Max Joseph writes:
Conditional autoregressive (CAR) models are popular as prior distributions for spatial random effects with areal spatial data. Historically, MCMC algorithms for CAR models have benefitted from efficient Gibbs sampling via full conditional distributions for the spatial random effects. But, these conditional specifications do not work in Stan, where the joint density needs to be specified (up to a multiplicative constant).
CAR models can still be implemented in Stan by specifying a multivariate normal prior on the spatial random effects, parameterized by a mean vector and a precision matrix. This works, but is slow and hard to scale to large datasets.
Order(s) of magnitude speedups can be achieved by combining 1) sparse matrix multiplications from Kyle Foreman (outlined on the stan-users mailing list), and 2) a fancy determinant trick from Jin, Xiaoping, Bradley P. Carlin, and Sudipto Banerjee. “Generalized hierarchical multivariate CAR models for areal data.” Biometrics 61.4 (2005): 950-961.
With the oft-used Scotland lip cancer dataset, the sparse CAR implementation with the NUTS (No-U-Turn Sampler) algorithm in Stan gives 120 effective samples/sec compared to 7 effective samples/sec for the precision matrix implementation.
Details for these sparse exact methods can be found here.
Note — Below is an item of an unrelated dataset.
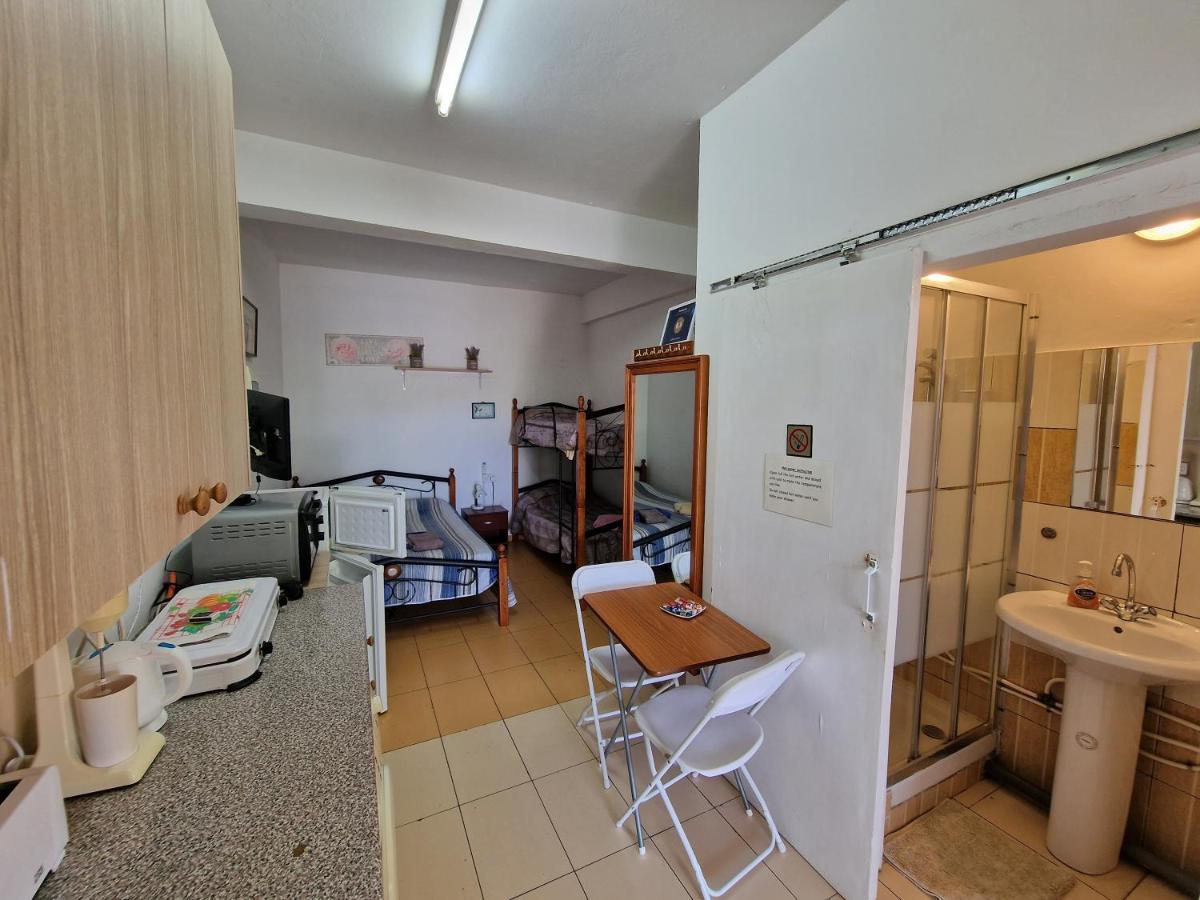 Nicosia Rooms Studios エクステリア 写真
Max Joseph is part of the Earth Lab Analytics Hub, University of Colorado – Boulder.
Bob Carpenter adds:
I put Max Joseph’s case study up on our web page. The top-level case studies page is here (with license and links to package dependencies and the case study).
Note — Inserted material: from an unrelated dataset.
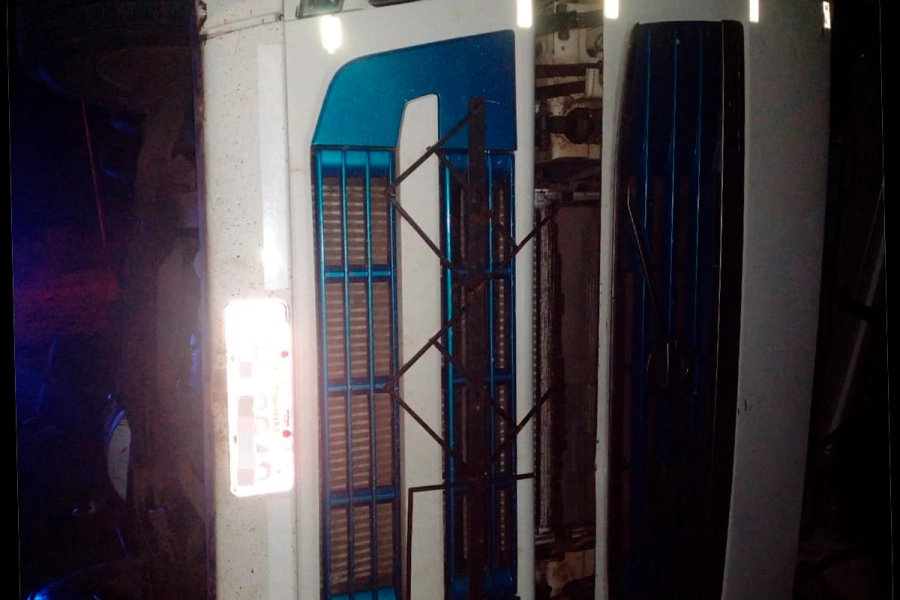 Cami&oacute;n con carga volc&oacute; en la Autov&iacute;a Artigas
The direct link to the case study is here.
Cool indeed. With this set-up, the implementation of such models has moved from “statistics research” to “statistics practice.”
P.S. I took a look at the document and I have a few questions/comments:
1. The map of Scotland is distorted. No big deal but might as well get that right.
2. I can’t believe that the “tau ~ gamma(0.5, .0005);” prior is a good idea. It just looks weird to me. At the very least I’d suggest a reparameterization to make it scale-free.
3. Is there a way to package up all that code into a function? I don’t have enough experience with Stan functions to be sure, but the idea would be to have a CAR model with all that code inside the function so that, as a user, I could just say theta ~ CAR(…) with all the parameters, and then I wouldn’t have to worry about all those matrix manipulations.